Search code examples
apache-flinkflink-streaming

How does connectedStreams work in Apache Flink


I'm following the example in the official doc of Flink to try to understand how connectedStreams work. Here is the example: https://ci.apache.org/projects/flink/flink-docs-master/learn-flink/etl.html#connected-streams

public class StreamingJob {
private static final Logger LOG = LoggerFactory.getLogger(MyFlink.class);

public static void main(String[] args) throws Exception {
    StreamExecutionEnvironment env = StreamExecutionEnvironment.getExecutionEnvironment();

    DataStream<String> control = env.fromElements("DROP", "IGNORE").keyBy(x -> x);
    DataStream<String> streamOfWords = env.fromElements("Apache", "DROP", "Flink", "IGNORE").keyBy(x -> x);
  
    control
        .connect(datastreamOfWords)
        .flatMap(new ControlFunction())
        .print();

    env.execute();
}

public static class ControlFunction extends RichCoFlatMapFunction<String, String, String> {
    private ValueState<Boolean> blocked;
      
    @Override
    public void open(Configuration config) {
        blocked = getRuntimeContext().getState(new ValueStateDescriptor<>("blocked", Boolean.class));
    }
      
    @Override
    public void flatMap1(String control_value, Collector<String> out) throws Exception {
        blocked.update(Boolean.TRUE);
    }
      
    @Override
    public void flatMap2(String data_value, Collector<String> out) throws Exception {
        if (blocked.value() == null) {
            out.collect(data_value);
        }
    }
}
}

As my understanding, the first parameter control_value of the method flatMap1 should be the elements of the control stream, and the first parameter data_value of the method flatMap2 should be the elements of the streamOfWords.

However, when I try to print them, I always get the empty values.

Here is my changes:

@Override
public void flatMap1(String control_value, Collector<String> out) throws Exception {
    LOG.info("flatMap1111111: ", control_value);
}

@Override
public void flatMap2(String data_value, Collector<String> out) throws Exception {
    LOG.info("flatMap2222222: ", data_value);
}

After executing this job, in the log file ./log/flink-root-taskexecutor-0-localhost.localdomain.log, I can see that

2020-07-25 02:40:30,152 INFO  myflink.StreamingJob                                          - flatMap1111111:
2020-07-25 02:40:30,153 INFO  myflink.StreamingJob                                          - flatMap1111111:
2020-07-25 02:40:30,174 INFO  myflink.StreamingJob                                          - flatMap2222222:
2020-07-25 02:40:30,174 INFO  myflink.StreamingJob                                          - flatMap2222222:
2020-07-25 02:40:30,174 INFO  myflink.StreamingJob                                          - flatMap2222222:
2020-07-25 02:40:30,174 INFO  myflink.StreamingJob                                          - flatMap2222222:

As you see, they are all empty.

Did I do something wrong or misunderstand how connectedStreams work?


Solution

  • Seek for the file *.out, not the *.log.

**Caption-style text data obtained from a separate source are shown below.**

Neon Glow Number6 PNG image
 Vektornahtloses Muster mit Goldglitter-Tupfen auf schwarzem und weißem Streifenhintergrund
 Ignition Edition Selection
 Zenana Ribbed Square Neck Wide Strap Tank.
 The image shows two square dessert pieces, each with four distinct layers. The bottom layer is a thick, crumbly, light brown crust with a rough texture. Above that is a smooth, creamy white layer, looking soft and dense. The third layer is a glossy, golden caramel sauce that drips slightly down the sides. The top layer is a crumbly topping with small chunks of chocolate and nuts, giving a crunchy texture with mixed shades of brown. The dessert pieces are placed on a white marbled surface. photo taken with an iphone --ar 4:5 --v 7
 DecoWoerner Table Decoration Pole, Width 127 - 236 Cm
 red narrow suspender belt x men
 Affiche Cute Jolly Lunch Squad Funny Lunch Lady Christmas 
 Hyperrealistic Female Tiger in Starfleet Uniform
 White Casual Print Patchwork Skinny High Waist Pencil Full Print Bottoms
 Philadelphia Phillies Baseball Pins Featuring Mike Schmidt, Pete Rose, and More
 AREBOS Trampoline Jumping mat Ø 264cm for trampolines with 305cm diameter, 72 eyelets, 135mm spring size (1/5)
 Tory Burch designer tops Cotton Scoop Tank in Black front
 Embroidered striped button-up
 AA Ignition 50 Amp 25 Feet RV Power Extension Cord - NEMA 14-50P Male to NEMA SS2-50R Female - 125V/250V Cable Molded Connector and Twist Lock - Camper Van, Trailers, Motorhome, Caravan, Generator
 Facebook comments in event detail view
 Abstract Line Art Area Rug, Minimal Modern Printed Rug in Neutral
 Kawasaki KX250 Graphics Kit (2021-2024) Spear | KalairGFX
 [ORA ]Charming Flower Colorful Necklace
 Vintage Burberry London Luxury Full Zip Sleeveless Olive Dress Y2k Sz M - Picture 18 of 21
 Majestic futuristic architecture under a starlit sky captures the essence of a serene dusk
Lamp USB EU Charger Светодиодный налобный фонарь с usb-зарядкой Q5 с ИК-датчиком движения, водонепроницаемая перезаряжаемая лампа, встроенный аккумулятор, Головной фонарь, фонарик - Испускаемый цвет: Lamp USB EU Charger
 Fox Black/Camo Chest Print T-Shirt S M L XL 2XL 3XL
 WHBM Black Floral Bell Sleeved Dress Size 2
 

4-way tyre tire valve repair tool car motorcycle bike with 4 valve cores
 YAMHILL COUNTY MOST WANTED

The expected output is:

    2020-07-24 16:18:21,083 INFO  org.apache.flink.runtime.state.heap.HeapKeyedStateBackend     - Initializing heap keyed state backend with stream factory.
    3> Apache
    4> Flink
    2020-07-24 16:18:21,126 INFO  org.apache.flink.runtime.taskmanager.Task  
    

    Use out.collect() on flatMap2, or print() won't work in this case. Here is the working version, which produces the output above. The first stream "Apache", "DROP", "Flink", "IGNORE" is consumed and filtered by the shared variable blocked. The second stream "DROP", "IGNORE" modified the shared variable blocked.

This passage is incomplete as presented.